Solar Energy, Vol.166, 409-421, 2018
Predictive performance modeling framework for a novel enclosed particle receiver configuration and application for thermochemical energy storage
Concentrating solar power (CSP) plants can provide dispatchable power with a thermal energy storage capability for increased renewable-energy grid penetration. Particle-based CSP systems permit higher temperatures, and thus, potentially higher solar-to-electric efficiency than state-of-the-art molten-salt heat-transfer systems. This paper describes a detailed numerical analysis framework for estimating the performance of a novel, geometrically complex, enclosed particle receiver design.
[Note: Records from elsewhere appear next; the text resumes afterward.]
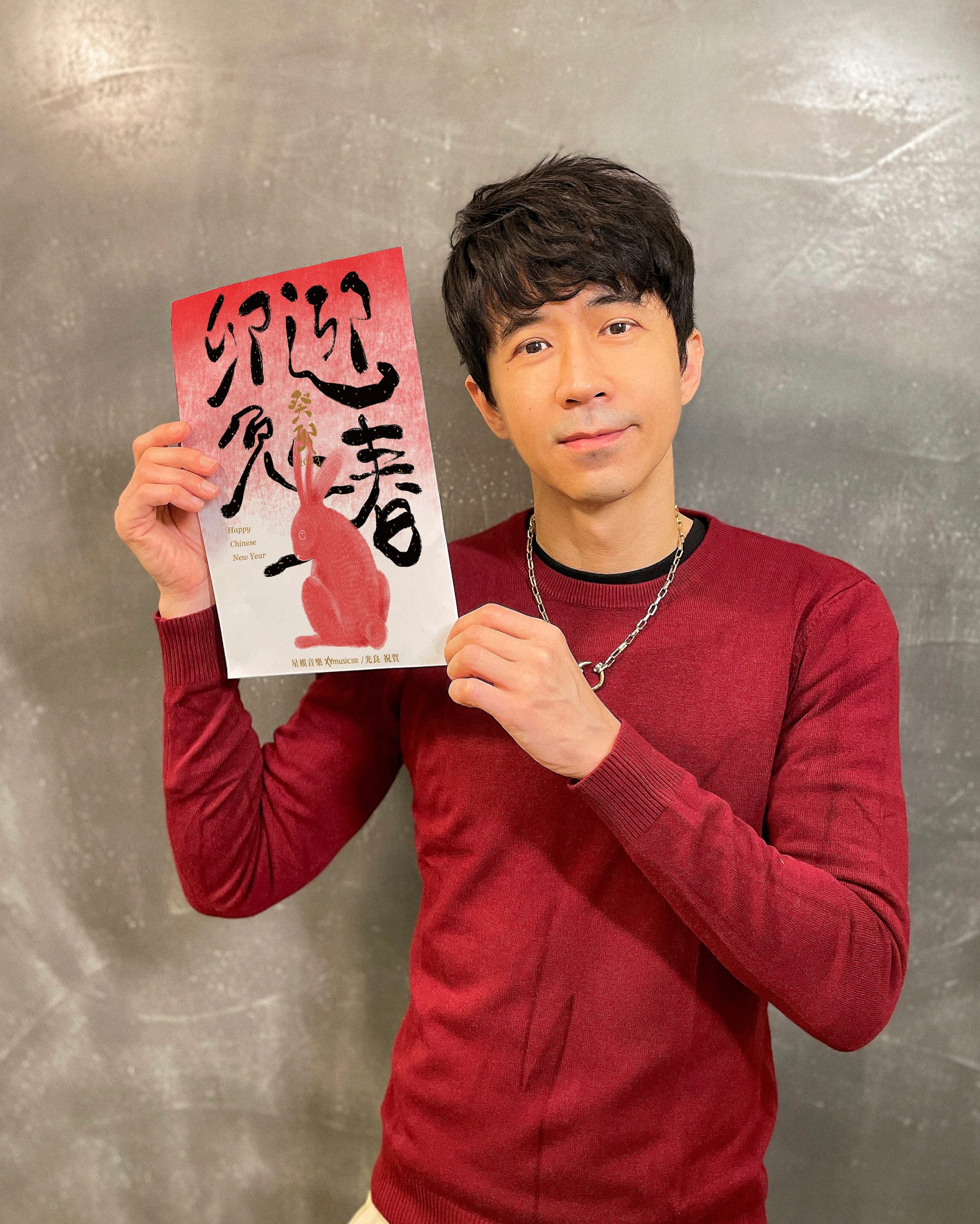 新岁序开 李国煌|戴佩妮|光良|FS|李佩玲|朱咪咪 谱写新篇章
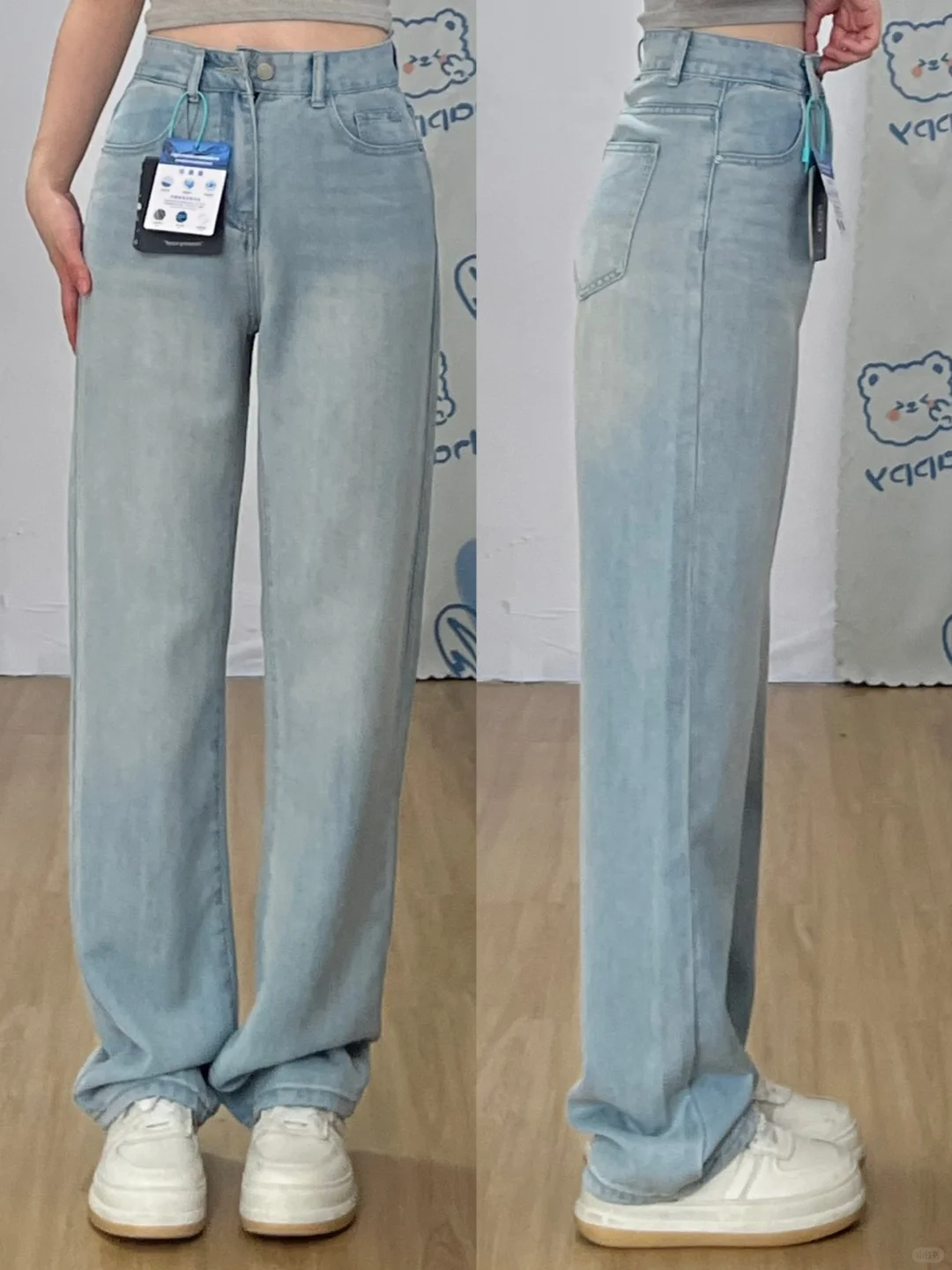 夏天三四十度也不会闷热的天丝裤‼️超舒服🥹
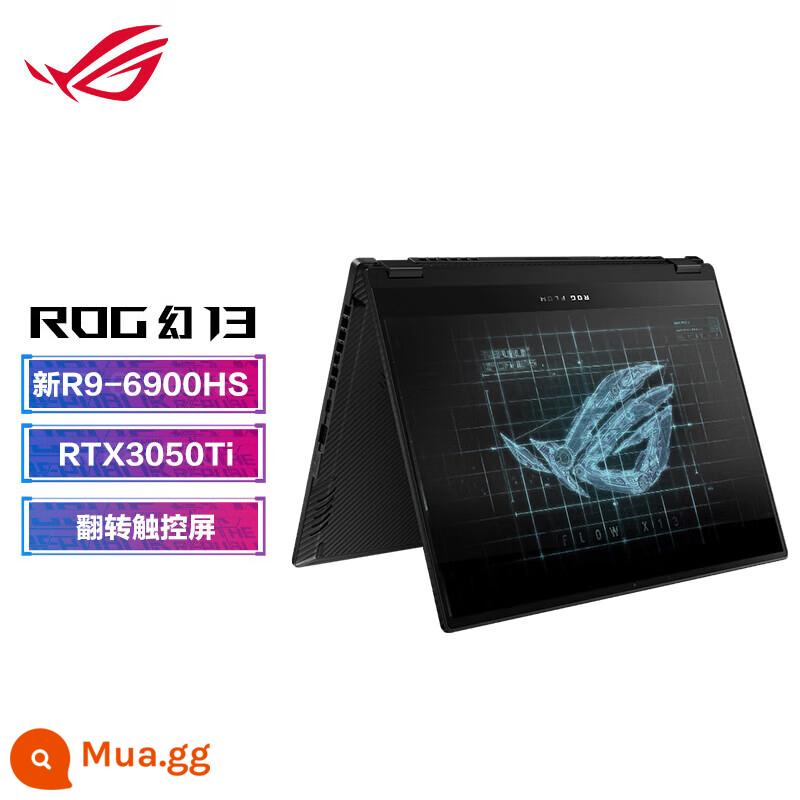 ROG Magic 16 Core i9 thế hệ 13 Nebula màn hình 16 inch mỏng nhẹ laptop gaming hiệu năng cao - Phantom 13 R9-6900HS 16G 1T RTX3050Ti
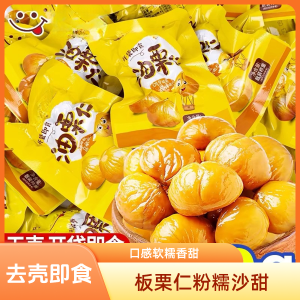 Roasted Chestnut Kernels Ready to Eat Large Gift Package for Pregnant Women Snacks Nutritional Health Food Chinese Specialty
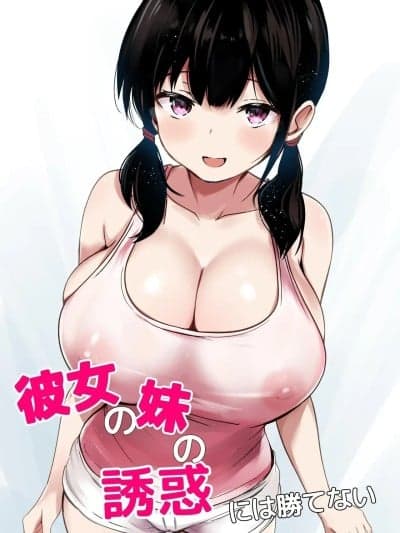 [うらはらドール (びあり)] 彼女の妹の诱惑には胜てない
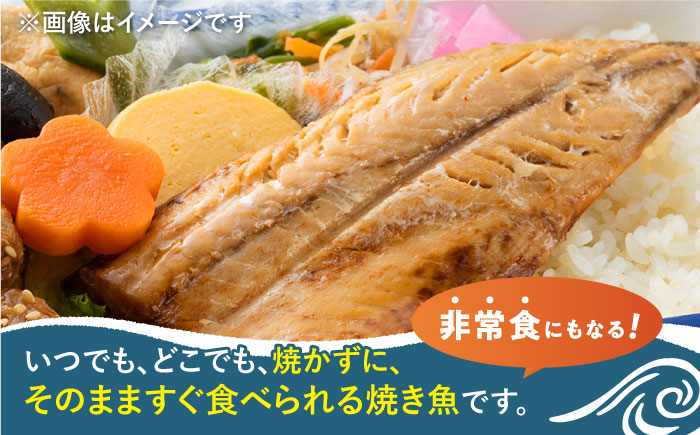 【全2回定期便】藻塩 仕立 焼き さば 16枚 《対馬市》【うえはら株式会社】 無添加 対馬 新鮮 塩焼き サバ 鯖 非常食 常温 [WAI114]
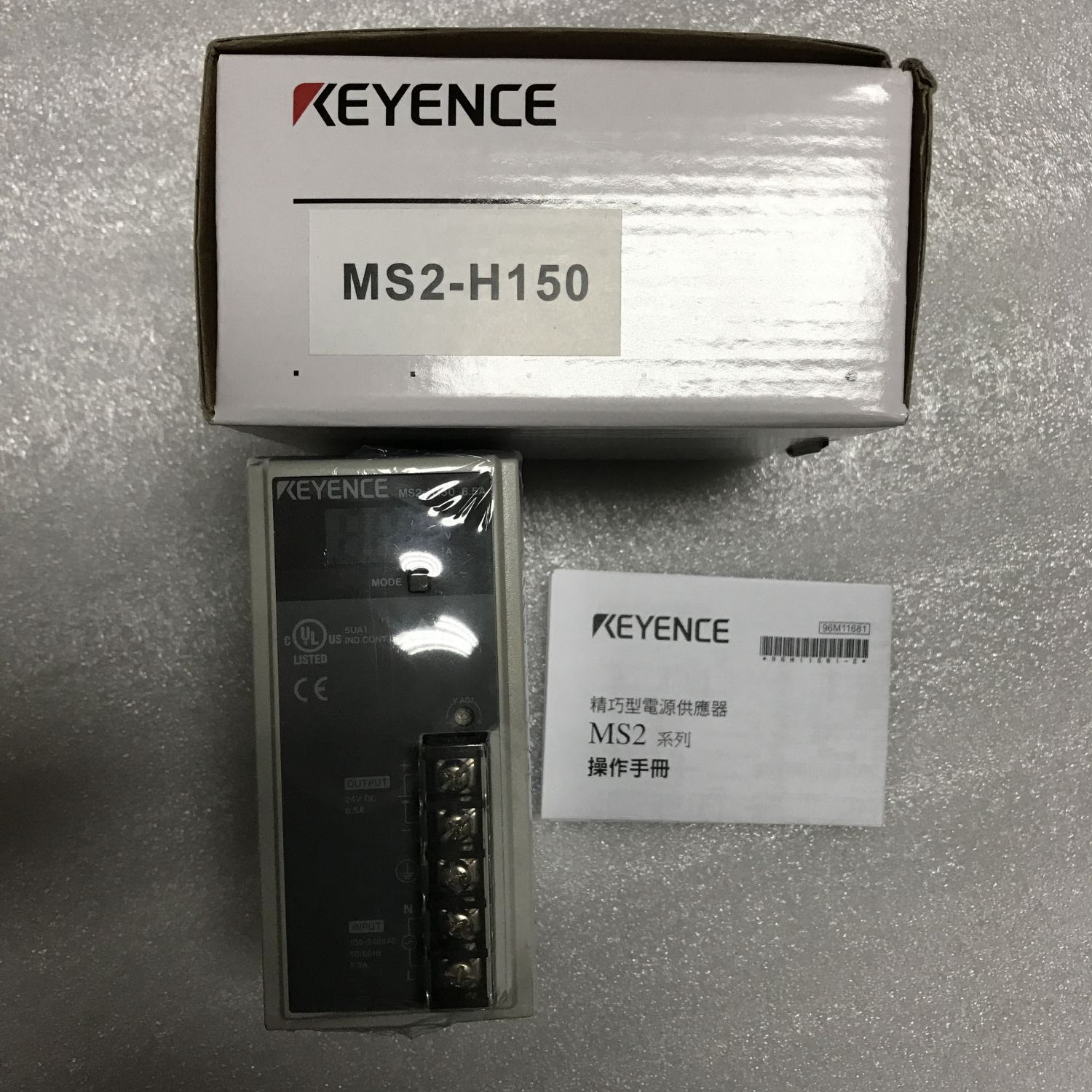 MS2H150 Keyence Switching Power Supply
The receiver configuration uses arrays of small tubular ab-sorbers to collect and subsequently transfer solar energy to a flowing particulate medium. The enclosed nature of the receiver design renders it amenable to either an inert heat-transfer medium, or a reactive heat-transfer medium that requires a controllable ambient environment. The numerical analysis framework described in this study is demonstrated for the case of thermal reduction of CaCr0.1Mn0.9O3-delta for thermochemical energy storage. The modeling strategy consists of Monte Carlo ray tracing for absorbed solar-energy distributions from a surround heliostat field, computational fluid dynamics modeling of small-scale local tubular arrays, surrogate response surfaces that approximately capture simulated tubular array performance, a quasi-two-dimensional reduced order description of counter-flow reactive solids and purge gas, and a radiative exchange model applied to embedded-cavity structures at the size scale of the full receiver. In this work we apply the numerical analysis strategy to a single receiver configuration, but the framework can be generically applicable to alternative enclosed designs. We assess sensitivity of receiver performance to surface optical properties, heat-transfer coefficients, solids outlet temperature, and purge-gas feed rates, and discuss the significance of model assumptions and results for future receiver development.